Introduction

In this training workshop you will explore programming models for scientific computing. Topics include

  • Fundamentals of Scientific Computing
  • Programming languages for HPC
  • Multithreading and multiprocessing
  • GPU programming models
  • Widely used HPC libraries

The training will consist of guided sessions, student presentations, and programming exercises.

Schedule

Each day consists of a morning session from 10am to 12:30 and an afternoon session from 2pm to 4pm.

Monday

  • Morning Session
    • Setting up your software environment
    • Fundamentals of HPC: hardware, programming languages, parallelisation, performance models.
  • Afternoon Session
    • Discussion of expectations for the week
    • Preparation time for Tuesday presentations

Tuesday

  • Morning Session
    • Talks on HPC programming languages and environments
  • Afternoon Session
    • CDT Group session on living safely in London
    • ARC social hour

Wednesday

  • Morning Session
    • Introduction to dense and sparse linear algebra software
  • Afternoon Session
    • Preparation time for Thursday presentations

Thursday

  • Morning Session
    • Presentations on mathematical software libraries
  • Afternoon session
    • Hackathon on mathematical software

Friday

  • Morning Session
    • Talk on FEniCS, a major open-source computational simulation platform. (Speaker: Dr Chris Richardson, University of Cambridge)
  • Afternoon Session
    • Summary and discussion of potential follow-up projects

Presentations on Programming Models

The morning session on Tuesday consists of talks introducing HPC Programming Models. You are asked to prepare slides demonstrating the topic together with some simple example live example codes.

Each presentation should be at most 15 minutes in length, talk about the software and perform a small demonstration of the software. The order of talks will be randomly decided on the day.

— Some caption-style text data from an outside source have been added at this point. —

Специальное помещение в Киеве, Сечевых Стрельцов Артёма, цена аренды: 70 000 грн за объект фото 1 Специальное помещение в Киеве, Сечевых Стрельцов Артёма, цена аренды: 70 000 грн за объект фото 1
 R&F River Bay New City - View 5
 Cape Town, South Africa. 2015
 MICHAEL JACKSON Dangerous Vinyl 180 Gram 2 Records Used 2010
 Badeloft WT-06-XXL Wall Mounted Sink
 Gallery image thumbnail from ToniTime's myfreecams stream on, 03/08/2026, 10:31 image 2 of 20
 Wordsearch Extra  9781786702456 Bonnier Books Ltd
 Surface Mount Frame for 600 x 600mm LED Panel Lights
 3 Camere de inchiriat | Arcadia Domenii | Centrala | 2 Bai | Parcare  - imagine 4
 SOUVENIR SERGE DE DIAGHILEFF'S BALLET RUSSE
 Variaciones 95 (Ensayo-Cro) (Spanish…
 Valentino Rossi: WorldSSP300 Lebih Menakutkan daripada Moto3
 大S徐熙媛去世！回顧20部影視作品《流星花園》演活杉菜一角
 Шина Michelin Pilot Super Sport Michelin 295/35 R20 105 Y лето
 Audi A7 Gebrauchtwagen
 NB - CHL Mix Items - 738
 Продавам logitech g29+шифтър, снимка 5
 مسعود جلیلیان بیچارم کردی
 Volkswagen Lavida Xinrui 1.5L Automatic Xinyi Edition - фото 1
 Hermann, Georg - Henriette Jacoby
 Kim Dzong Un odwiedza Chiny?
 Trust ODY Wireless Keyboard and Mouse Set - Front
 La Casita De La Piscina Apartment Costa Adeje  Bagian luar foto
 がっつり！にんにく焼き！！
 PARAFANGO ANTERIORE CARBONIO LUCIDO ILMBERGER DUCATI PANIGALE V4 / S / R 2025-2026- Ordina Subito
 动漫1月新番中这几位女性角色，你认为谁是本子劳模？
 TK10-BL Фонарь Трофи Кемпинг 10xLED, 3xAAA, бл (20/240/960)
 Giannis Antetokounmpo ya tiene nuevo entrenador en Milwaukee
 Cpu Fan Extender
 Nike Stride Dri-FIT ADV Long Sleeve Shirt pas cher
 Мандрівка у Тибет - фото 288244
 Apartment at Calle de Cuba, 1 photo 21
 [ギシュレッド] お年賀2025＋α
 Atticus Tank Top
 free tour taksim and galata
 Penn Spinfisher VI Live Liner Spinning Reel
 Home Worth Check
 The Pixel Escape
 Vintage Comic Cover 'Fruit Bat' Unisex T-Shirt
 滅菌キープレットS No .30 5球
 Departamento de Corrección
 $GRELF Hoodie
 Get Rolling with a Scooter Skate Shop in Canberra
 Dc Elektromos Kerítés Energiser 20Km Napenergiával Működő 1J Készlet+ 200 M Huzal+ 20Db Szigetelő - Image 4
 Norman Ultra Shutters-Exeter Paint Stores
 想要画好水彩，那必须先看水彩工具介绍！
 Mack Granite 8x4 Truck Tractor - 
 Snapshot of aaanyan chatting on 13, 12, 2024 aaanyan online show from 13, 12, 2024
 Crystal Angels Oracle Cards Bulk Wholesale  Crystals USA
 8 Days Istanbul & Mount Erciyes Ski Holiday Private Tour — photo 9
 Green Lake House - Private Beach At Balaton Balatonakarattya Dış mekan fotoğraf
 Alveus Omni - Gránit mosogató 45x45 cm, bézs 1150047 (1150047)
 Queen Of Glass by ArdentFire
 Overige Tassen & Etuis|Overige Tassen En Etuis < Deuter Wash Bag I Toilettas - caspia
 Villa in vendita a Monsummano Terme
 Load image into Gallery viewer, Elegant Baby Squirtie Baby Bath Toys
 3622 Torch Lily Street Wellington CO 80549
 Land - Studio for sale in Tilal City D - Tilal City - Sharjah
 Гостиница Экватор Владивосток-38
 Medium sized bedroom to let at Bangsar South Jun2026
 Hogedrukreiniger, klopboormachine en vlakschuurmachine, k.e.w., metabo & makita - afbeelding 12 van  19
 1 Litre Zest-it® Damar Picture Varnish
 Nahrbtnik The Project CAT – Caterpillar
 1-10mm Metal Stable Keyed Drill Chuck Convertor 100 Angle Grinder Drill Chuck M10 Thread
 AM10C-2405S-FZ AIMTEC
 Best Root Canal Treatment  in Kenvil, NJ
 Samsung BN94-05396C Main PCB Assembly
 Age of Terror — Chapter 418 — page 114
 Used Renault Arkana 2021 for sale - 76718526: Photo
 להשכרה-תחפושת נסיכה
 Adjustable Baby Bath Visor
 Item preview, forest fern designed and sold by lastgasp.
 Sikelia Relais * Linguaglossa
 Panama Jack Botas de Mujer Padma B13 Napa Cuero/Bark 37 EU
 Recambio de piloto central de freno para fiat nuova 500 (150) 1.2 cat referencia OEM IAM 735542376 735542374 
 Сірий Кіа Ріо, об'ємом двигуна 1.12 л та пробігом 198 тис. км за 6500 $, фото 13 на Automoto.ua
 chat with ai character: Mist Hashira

  • Distributed programming with MPI. MPI is a distributed programming model going back to 1991. Even more than 30 years later it is still the dominant model for parallelisation on large-scale HPC clusters. (Maciej, Bryce)
  • Shared memory paralellisation with OpenMP. OpenMP goes back to 1997 and is a leading model for shared memory parallelisation on CPUs. In recent versions it even supports some offloading to GPUs. (Shany, Anees)
  • CUDA for software development on NVIDIA GPUs. CUDA is the dominant programming model for NVIDIA GPUs. It is a large ecosystem consisting of CUDA compiler , development environments and scientific libraries. (Ross, Callum, Jose Miguel)
  • OpenCL - Vendor independent GPU programming. OpenCL was originally developed as an open standard to compute with the vendor dependent CUDA ecosystem. While it is less used directly in scientific computing it is still very important for development on embedded devices. And even for Scientific Computing applications it still provides a powerful way to write device independent GPU kernels. (Lewis, Louis)
  • SYCL - A growing heterogeneous computing standard. SYCL has evolved from OpenCL to provide a modern heterogeneous computing environment in C++. It is the programming standard underlying modern Intel GPU accelerators but also supports AMD and NVIDIA. (Anastasia, Kelan)
  • Metal - Apple's take on GPU computing. Apple Metal is rarely used for scientific computing. But it is a powerful model and the only way to access GPU cores on Apple Silicon. (Divij, Ammar)
  • SIMD - Low-level vector registers. SIMD is not really a programming model. It describes the set of instructions found on most modern CPUs to efficiently execute operations on vector registers. Any CPU code targeted for performance is optimised to make use of SIMD instructions as much as possible. (Benjamin, Lucas)
  • Parallel Programming with Jax. Jax is a library for efficient parallel array computations. It is mostly used for Machine Learning but can also be used to efficiently implement many other algorithms in scientific computing. (Skye, Oliver, Advaith)

Presentations on mathematical libraries

The morning session on Thursday focuses on mathematical libraries. We will hear from a range of projects spanning core linear algebra up to complex multiphysics environments.

Each presentation should be at most 15 minutes in length, talk about the software and perform a small demonstration of the software. The order of talks will be randomly decided on the day.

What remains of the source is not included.